(Work request)
Here are some records; quote them exactly, leaving out the pictures.

[Opening Supplied information section]

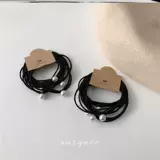 Южнокорейский товар из жемчуга, прочная черная резинка, простой и элегантный дизайн, изысканный стиль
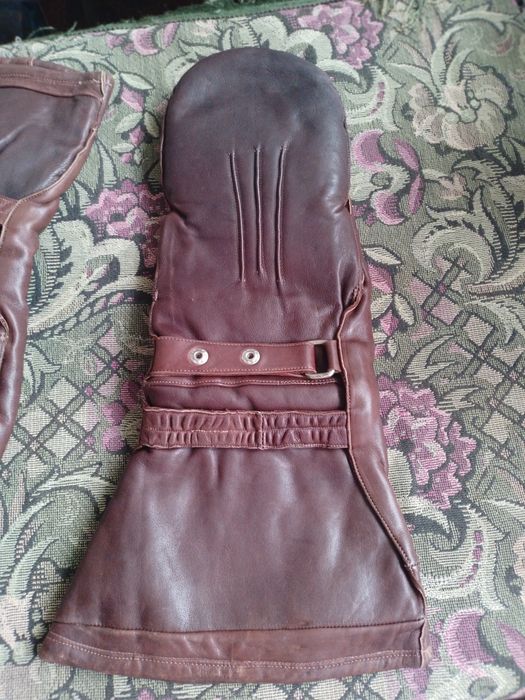 Краги летные кожа мех ввс ркка 1940г.Оригинал.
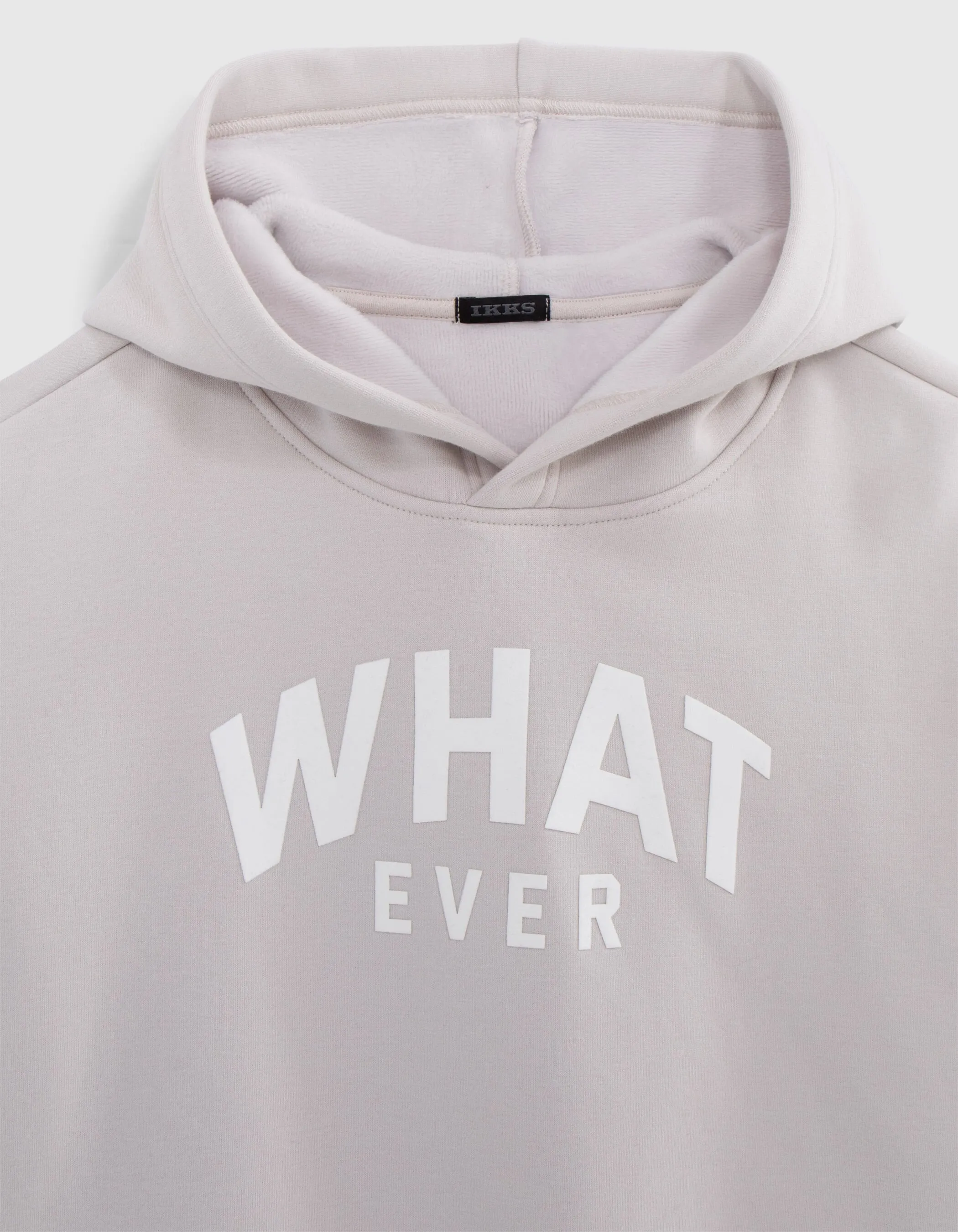 Sweat beige cropped message floqué fille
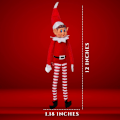 Miniatyrbild 2 av 5: Jultomte som beter sig illa plyschleksak | Nyhet Lång böjlig stygg pojke jultomtar docka
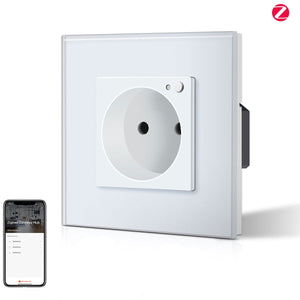 BSEED ZigBee EU Wall Sockets Power Outlets Kids Protection Wall Plates & Covers Bseedswitch 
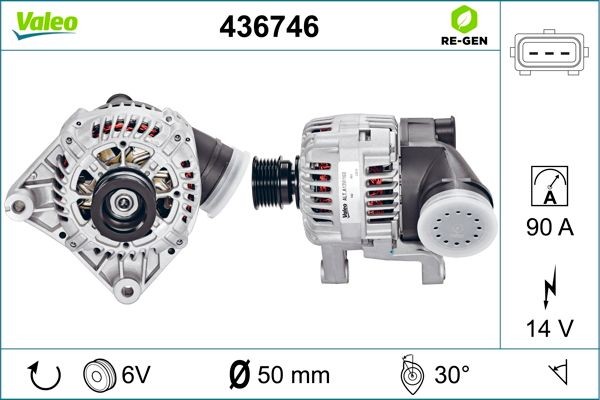 Генератор 436746 VALEO PHC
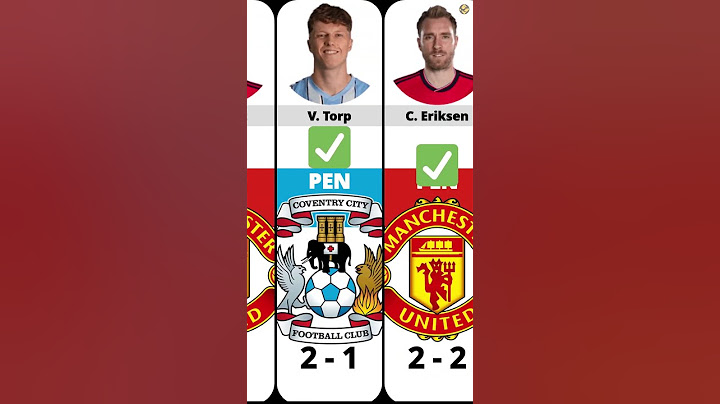 Coventry City 3-3 (Pen: 2-4) Manchester United - FA CUP Semi-Final. Crazy and Unbelievable Match!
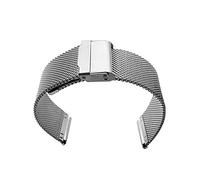 ZONSHJDKR Cinturino dell'orologio Cinturino in Acciaio Inossidabile Bracciale Universale 16/18/20/22 mm Cinturino di Ricambio(Silver_16mm)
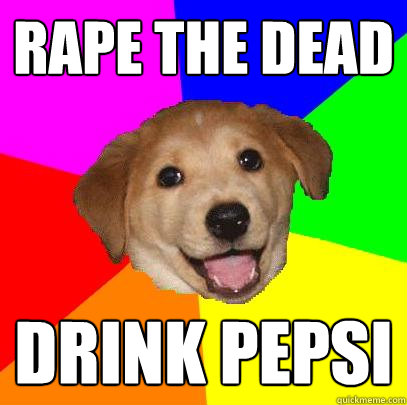 Dog Drinking Pepsi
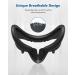 KIWI Design VR Facial Interface Bracket with Anti-Leakage Nose Pad - 2 PCS PU Leather Foam Face Cover for Valve Index - Buy Online on GoSupps.com
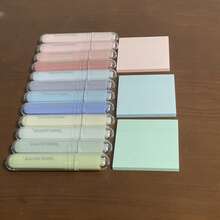 12 Colored Markers That Do Not Bleed Or Feather, Featuring High-Quality Ink. Perfect For Highlighting Notes In Class, Quick-Drying And Suitable For Various Papers. Ideal For Diaries, Art, Crafts - Highlighter+Notes - View 16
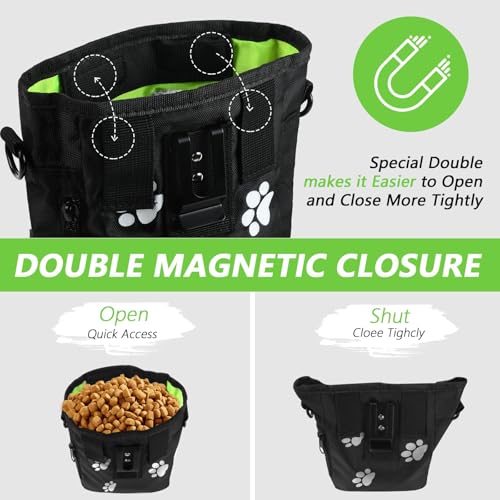 kissleaf Leckerlitasche für Hunde Futterbeutel Hundetraining für Doggy Puppy Walking/Training/Leine/Laufen, Große Kapazität Sturdy Tear-Resistant Easy to Clean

[Closing Supplied information section]

(Response to the exercise)
 Южнокорейский товар из жемчуга, прочная черная резинка, простой и элегантный дизайн, изысканный стиль
 Краги летные кожа мех ввс ркка 1940г.Оригинал.
 Sweat beige cropped message floqué fille
 Miniatyrbild 2 av 5: Jultomte som beter sig illa plyschleksak | Nyhet Lång böjlig stygg pojke jultomtar docka
 BSEED ZigBee EU Wall Sockets Power Outlets Kids Protection Wall Plates & Covers Bseedswitch 
 Генератор 436746 VALEO PHC
 Coventry City 3-3 (Pen: 2-4) Manchester United - FA CUP Semi-Final. Crazy and Unbelievable Match!
 ZONSHJDKR Cinturino dell'orologio Cinturino in Acciaio Inossidabile Bracciale Universale 16/18/20/22 mm Cinturino di Ricambio(Silver_16mm)
 Dog Drinking Pepsi
 KIWI Design VR Facial Interface Bracket with Anti-Leakage Nose Pad - 2 PCS PU Leather Foam Face Cover for Valve Index - Buy Online on GoSupps.com
 12 Colored Markers That Do Not Bleed Or Feather, Featuring High-Quality Ink. Perfect For Highlighting Notes In Class, Quick-Drying And Suitable For Various Papers. Ideal For Diaries, Art, Crafts - Highlighter+Notes - View 16
 kissleaf Leckerlitasche für Hunde Futterbeutel Hundetraining für Doggy Puppy Walking/Training/Leine/Laufen, Große Kapazität Sturdy Tear-Resistant Easy to Clean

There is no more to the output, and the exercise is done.